Exercise objective: Scan the records for "snapshot" and copy each line that contains it.

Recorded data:

******************************

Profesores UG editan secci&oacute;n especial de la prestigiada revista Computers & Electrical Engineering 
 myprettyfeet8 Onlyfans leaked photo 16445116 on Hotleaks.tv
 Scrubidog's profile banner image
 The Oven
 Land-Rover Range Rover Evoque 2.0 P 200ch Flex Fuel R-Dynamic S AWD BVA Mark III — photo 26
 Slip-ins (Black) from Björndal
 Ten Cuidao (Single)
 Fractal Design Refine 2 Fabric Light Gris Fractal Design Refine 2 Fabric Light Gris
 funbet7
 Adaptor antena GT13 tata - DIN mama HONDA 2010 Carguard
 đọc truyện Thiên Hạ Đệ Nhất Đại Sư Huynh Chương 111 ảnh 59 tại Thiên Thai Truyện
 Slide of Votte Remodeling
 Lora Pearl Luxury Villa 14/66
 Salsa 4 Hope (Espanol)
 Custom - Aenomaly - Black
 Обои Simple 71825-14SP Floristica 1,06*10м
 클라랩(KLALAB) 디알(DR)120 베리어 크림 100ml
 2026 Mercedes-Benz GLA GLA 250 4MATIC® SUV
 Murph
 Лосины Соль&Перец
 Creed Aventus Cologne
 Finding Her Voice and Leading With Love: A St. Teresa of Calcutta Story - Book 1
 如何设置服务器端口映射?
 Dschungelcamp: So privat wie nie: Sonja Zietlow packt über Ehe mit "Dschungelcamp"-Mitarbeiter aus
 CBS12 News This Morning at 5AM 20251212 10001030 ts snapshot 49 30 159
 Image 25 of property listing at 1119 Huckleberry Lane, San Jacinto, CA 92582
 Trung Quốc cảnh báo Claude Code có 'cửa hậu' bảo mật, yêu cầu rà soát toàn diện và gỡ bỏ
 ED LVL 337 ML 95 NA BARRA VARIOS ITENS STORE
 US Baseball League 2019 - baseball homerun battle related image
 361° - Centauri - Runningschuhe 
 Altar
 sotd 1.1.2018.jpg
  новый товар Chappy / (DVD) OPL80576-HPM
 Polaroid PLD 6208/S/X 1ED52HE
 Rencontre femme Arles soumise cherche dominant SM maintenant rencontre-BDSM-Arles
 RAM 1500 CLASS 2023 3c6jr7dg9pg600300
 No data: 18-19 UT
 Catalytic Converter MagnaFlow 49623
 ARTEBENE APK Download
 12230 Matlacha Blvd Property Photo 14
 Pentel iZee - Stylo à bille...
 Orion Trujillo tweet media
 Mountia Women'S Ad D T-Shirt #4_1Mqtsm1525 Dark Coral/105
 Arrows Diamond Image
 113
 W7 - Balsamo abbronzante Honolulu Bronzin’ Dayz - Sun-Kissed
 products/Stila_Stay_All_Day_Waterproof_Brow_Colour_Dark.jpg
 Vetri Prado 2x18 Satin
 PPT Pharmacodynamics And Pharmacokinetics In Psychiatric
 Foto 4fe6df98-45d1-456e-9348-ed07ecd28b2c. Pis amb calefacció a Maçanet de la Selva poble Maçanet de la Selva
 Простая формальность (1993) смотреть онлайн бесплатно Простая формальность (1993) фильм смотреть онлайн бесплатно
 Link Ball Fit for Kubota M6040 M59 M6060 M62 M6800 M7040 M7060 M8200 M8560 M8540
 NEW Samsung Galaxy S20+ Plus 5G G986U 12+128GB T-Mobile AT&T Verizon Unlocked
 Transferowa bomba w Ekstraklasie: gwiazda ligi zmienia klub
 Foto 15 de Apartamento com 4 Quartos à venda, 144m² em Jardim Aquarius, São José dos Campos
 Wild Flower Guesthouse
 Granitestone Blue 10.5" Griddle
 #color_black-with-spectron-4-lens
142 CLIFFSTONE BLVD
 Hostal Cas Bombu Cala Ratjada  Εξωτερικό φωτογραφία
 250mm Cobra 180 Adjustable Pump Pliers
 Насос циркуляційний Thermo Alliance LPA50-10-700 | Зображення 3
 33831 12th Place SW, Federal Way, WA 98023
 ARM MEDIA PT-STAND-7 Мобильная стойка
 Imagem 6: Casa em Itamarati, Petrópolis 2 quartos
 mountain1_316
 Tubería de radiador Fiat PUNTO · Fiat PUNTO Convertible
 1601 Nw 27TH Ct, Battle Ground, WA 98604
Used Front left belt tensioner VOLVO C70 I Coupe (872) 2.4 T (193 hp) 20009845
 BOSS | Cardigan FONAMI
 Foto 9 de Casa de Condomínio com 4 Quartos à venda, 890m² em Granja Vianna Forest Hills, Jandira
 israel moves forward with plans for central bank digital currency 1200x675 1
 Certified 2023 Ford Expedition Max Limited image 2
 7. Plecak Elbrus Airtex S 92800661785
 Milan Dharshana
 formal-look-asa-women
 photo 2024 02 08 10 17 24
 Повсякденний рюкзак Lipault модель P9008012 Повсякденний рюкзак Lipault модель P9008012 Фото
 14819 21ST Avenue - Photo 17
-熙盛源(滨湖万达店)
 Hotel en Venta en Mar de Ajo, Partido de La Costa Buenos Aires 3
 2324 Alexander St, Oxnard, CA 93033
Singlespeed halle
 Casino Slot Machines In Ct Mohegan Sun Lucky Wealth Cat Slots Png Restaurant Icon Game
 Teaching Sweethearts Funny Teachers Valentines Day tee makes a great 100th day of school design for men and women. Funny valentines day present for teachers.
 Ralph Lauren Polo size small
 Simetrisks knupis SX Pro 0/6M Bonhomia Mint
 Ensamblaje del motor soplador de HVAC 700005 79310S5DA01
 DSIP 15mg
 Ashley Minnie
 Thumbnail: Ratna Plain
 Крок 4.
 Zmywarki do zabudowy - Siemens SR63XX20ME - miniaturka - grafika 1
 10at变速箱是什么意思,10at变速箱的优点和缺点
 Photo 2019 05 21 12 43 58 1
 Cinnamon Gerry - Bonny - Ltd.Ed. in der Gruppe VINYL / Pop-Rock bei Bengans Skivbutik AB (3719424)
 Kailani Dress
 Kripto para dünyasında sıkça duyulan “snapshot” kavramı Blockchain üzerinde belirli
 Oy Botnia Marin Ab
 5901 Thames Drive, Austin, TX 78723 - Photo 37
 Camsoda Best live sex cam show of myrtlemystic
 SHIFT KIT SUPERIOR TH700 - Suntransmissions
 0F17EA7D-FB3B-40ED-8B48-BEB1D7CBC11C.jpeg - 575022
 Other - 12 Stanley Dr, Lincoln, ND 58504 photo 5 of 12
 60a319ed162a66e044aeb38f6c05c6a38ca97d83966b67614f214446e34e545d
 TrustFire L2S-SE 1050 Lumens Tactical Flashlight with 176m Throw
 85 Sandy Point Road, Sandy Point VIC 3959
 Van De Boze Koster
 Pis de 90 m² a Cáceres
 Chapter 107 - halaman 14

******************************

Result of this exercise:
 CBS12 News This Morning at 5AM 20251212 10001030 ts snapshot 49 30 159
 Kripto para dünyasında sıkça duyulan “snapshot” kavramı Blockchain üzerinde belirli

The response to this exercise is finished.